● WHAT IS REQUIRED
Your task is to reproduce exactly the lines from the one containing "Sente Defense C Serum" through the last line below, both ends included, and nothing else, with no pictures.

● DATA RECORDS
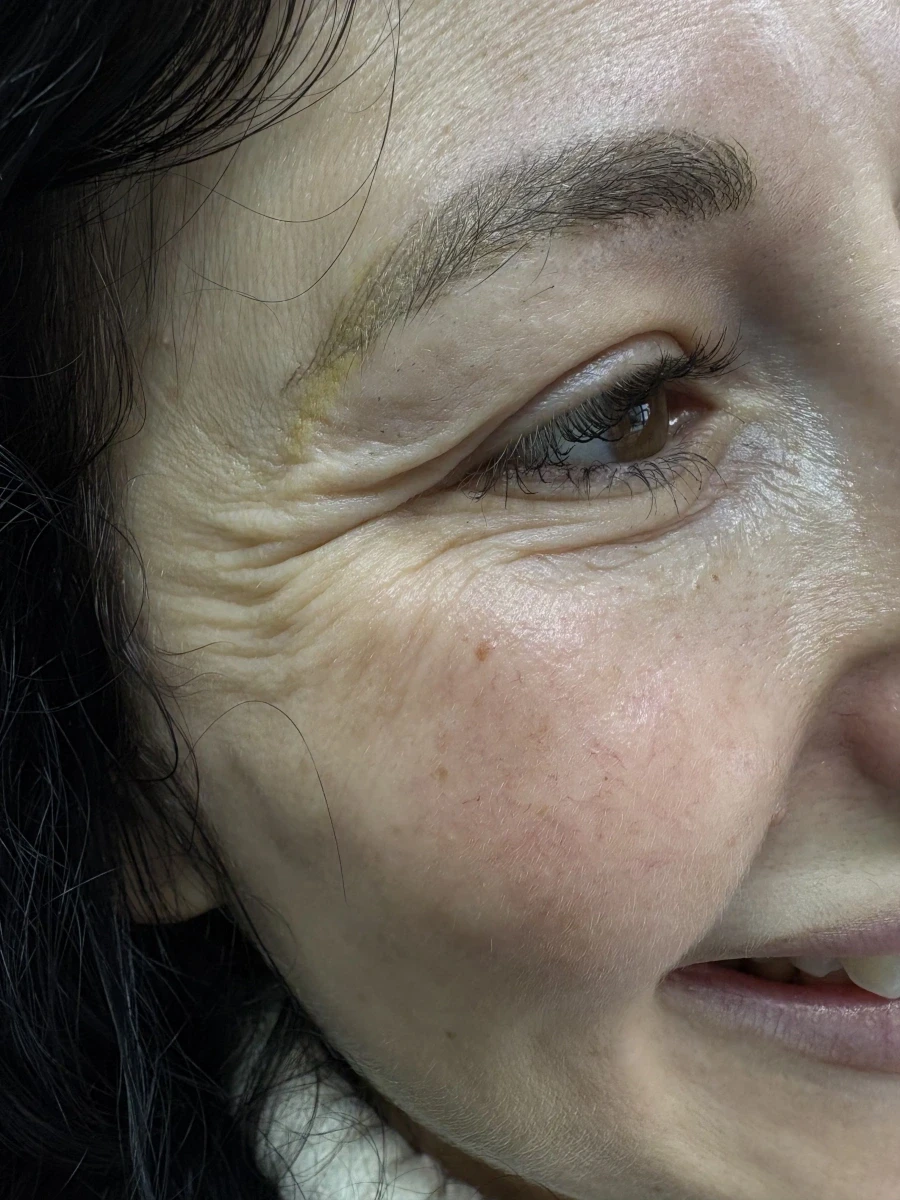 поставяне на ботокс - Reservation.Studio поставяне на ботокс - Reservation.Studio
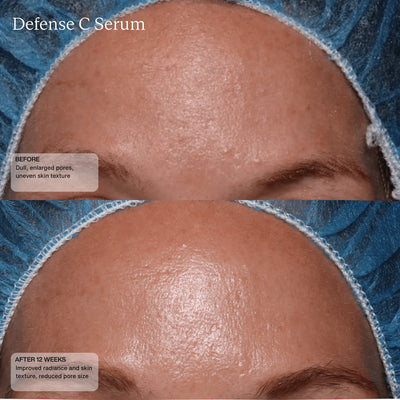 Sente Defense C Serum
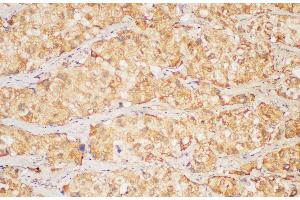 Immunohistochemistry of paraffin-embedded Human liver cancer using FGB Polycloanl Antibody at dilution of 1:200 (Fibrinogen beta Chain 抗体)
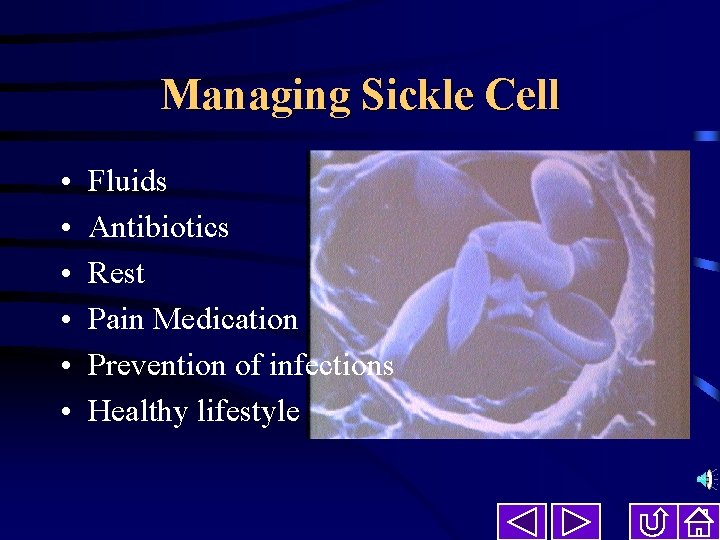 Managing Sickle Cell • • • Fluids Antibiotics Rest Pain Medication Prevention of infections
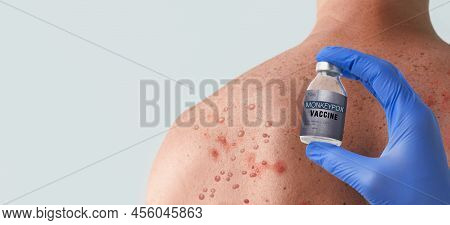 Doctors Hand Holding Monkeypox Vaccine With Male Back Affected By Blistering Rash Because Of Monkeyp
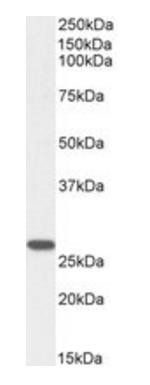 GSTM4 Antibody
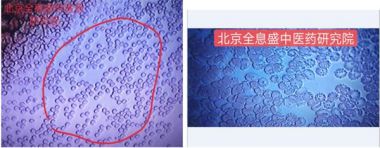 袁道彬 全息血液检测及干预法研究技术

● ANSWER BOX
 Sente Defense C Serum
 Immunohistochemistry of paraffin-embedded Human liver cancer using FGB Polycloanl Antibody at dilution of 1:200 (Fibrinogen beta Chain 抗体)
 Managing Sickle Cell • • • Fluids Antibiotics Rest Pain Medication Prevention of infections
 Doctors Hand Holding Monkeypox Vaccine With Male Back Affected By Blistering Rash Because Of Monkeyp
 GSTM4 Antibody
 袁道彬 全息血液检测及干预法研究技术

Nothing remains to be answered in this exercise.